## TASK ITEM
Give back only the lines in the records below from the one with "309 Hancock St Property Photo 5" to the one with "Ein Mann in", both inclusive, word for word.

## DATA FOR PROCESSING

== Segment start ==

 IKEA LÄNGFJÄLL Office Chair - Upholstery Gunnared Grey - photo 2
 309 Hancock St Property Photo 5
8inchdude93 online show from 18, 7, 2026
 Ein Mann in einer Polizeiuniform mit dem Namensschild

== Segment end ==
== Segment start ==

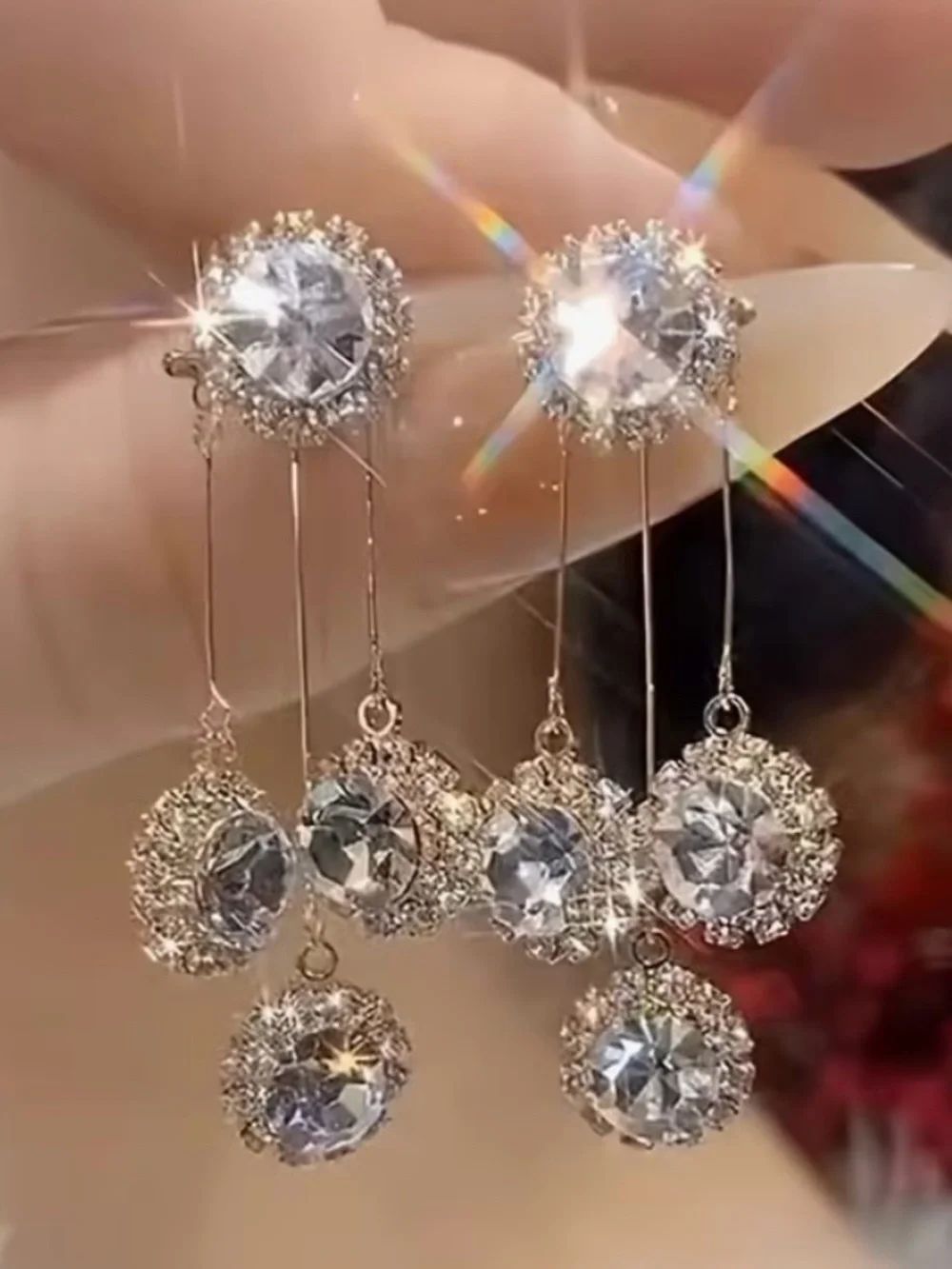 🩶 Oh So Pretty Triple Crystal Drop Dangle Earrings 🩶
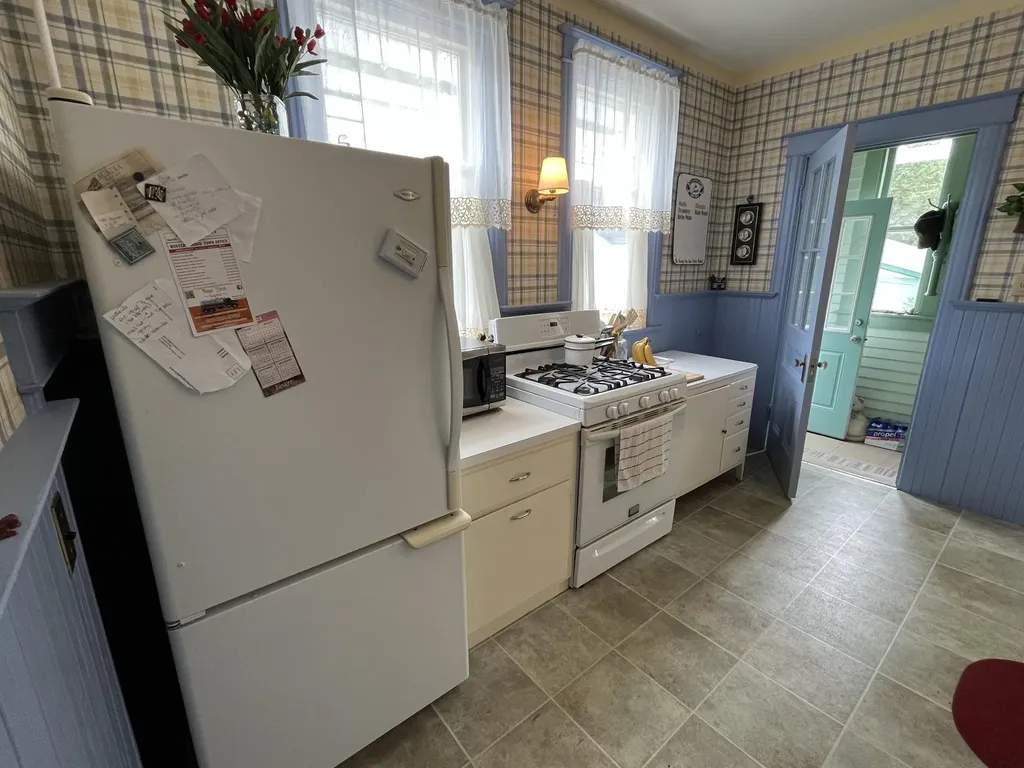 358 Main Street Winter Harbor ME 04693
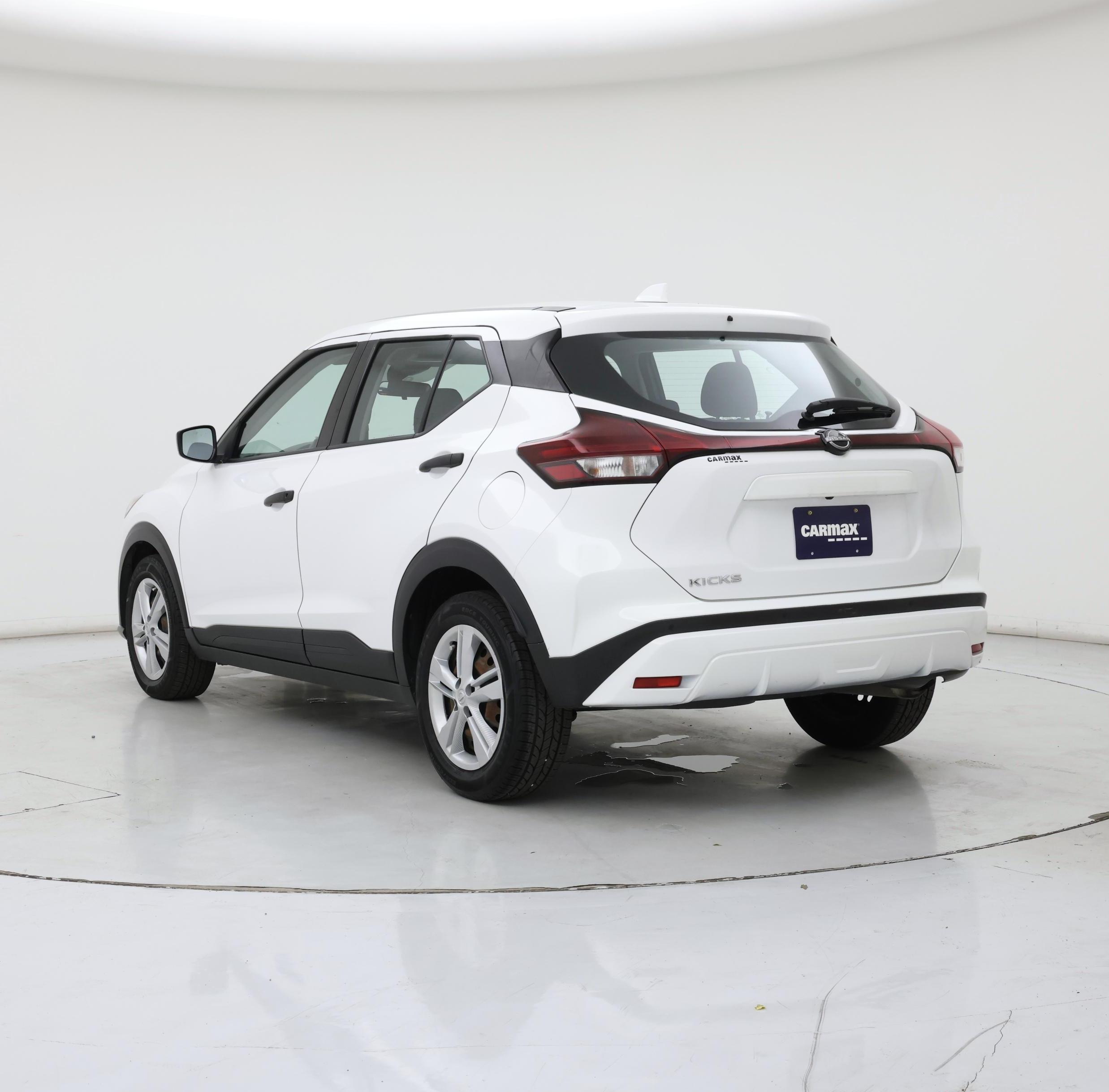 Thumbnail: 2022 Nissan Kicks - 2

== Segment end ==

## RESPONSE TO THE EXERCISE
 309 Hancock St Property Photo 5
8inchdude93 online show from 18, 7, 2026
 Ein Mann in einer Polizeiuniform mit dem Namensschild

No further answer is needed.